● Extracted data
☆ ☆ ☆

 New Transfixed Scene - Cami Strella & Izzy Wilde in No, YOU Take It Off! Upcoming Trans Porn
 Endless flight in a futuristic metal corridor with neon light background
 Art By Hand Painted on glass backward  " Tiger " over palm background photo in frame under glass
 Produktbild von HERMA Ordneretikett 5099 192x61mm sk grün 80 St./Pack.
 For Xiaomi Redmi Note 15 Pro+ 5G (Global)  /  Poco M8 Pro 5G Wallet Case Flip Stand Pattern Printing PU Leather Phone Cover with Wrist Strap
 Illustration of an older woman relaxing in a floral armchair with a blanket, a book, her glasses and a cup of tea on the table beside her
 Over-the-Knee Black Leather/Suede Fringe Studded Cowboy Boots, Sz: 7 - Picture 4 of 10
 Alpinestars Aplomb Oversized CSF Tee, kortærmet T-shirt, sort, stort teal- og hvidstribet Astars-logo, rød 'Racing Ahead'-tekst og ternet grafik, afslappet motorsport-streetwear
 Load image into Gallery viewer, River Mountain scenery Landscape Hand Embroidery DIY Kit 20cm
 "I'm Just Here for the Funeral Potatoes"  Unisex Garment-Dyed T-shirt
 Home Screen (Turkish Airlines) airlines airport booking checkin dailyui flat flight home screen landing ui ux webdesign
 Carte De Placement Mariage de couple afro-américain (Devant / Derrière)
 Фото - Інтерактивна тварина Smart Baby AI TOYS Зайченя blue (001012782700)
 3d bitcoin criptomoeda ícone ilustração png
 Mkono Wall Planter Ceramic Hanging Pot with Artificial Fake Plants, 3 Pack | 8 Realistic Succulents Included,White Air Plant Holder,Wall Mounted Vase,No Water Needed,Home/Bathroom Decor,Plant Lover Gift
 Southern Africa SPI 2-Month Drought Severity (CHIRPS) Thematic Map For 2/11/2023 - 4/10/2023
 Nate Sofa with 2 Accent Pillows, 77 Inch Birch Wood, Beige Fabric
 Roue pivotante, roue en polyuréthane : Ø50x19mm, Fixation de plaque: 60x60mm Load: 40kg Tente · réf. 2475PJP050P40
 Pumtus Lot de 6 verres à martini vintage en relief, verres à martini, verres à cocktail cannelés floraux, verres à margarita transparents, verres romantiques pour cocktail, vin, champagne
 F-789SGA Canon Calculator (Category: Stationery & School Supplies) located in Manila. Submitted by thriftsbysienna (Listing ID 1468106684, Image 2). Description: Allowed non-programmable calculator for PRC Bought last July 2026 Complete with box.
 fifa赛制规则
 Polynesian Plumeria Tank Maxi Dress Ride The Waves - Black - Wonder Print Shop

☆ ☆ ☆

● What is required
Lines from the start of the entries through the one containing "Produktbild von HERMA" are to be set down again exactly, both ends included.

● Your response
 New Transfixed Scene - Cami Strella & Izzy Wilde in No, YOU Take It Off! Upcoming Trans Porn
 Endless flight in a futuristic metal corridor with neon light background
 Art By Hand Painted on glass backward  " Tiger " over palm background photo in frame under glass
 Produktbild von HERMA Ordneretikett 5099 192x61mm sk grün 80 St./Pack.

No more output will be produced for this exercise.